WHAT IS A GRADUATE PROFILE?

A Graduate Profile (or Portrait of a Graduate) typically is a succinct one-page colorfully-designed document that captures the skills, competencies, and mindsets that the community values most for their students.

Most are informed by research-based reports as well as community input, and typically address four interrelated groups of competencies:

  • College-ready scholar and lifelong learner
  • 21st century skills, or the “4Cs” of communication, collaboration, critical thinking, and creativity
  • Social-emotional competencies, such as self-awareness, self-management, social awareness, relationship skills, and responsible decision making
  • Culturally-competent and active citizen

The Graduate Profile is elegant in its simplicity — easily understood by anyone glancing at it for even a few seconds. Immediately, any stakeholder — whether a parent, business leader, college dean, faith leader, teacher or student — will see the value and importance of students making progress toward mastering the identified competencies.

While the Graduate Profile is typically a one-pager, “bringing it to life” may involve the development of many associated documents and tools — i.e., descriptors, benchmarks, rubrics, adult profiles, system profiles, decision trees, report cards, presentations, communication collateral, and more.

HOW TO CREATE A GRADUATE PROFILE?

Many individual consultants, private consulting groups and non-profit support providers have developed expertise in helping districts to co-design and co-facilitate an inclusive process to create a Graduate Profile. Most processes rely on robust stakeholder input (i.e., forums, focus groups, surveys), from a broad-ranging group of stakeholders (students, family members, teachers, school and district staff and administration, civic and community leaders, business and industry representatives, faith leaders, postsecondary partners), particularly those whose voices historically have been marginalized.

The process begs us to ask:

  • How do we best equip ALL learners for tomorrow’s workforce?
  • How do we best prepare them to be empathetic, adaptive, and lifelong learners and productive contributors to their communities and the nation?
  • How do we cultivate learner agency and pathways while also investing in our learners’ overall well-being?

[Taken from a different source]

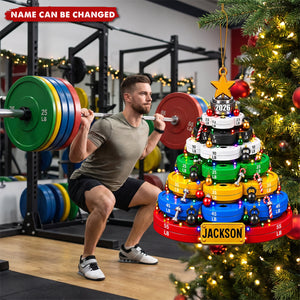 Personalized Weight Plate Acrylic Christmas Ornament, Custom Gym Name Barbell Decor, Fitness Lover Tree Keepsake Gift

In some cases, a district moves beyond a student profile. Recognizing that adults in the system must be able to model the skills and mindsets to students, create classroom environments to nurture advancement of Profile outcomes, and facilitate learning experiences that allow students to practice the competencies on a routine basis, some districts create an “adult profile” to wrap around the student profile. Furthermore, acknowledging that school and district leaders must create the conditions and culture for teachers to promote the Graduate Profile outcomes in students, some districts establish a “systems profile.” This guide addresses all levels: the “capacity to advance” section highlights the areas for teacher development, and the “culture and conditions” section attends to the system shifts that leaders create to enable both teachers and students.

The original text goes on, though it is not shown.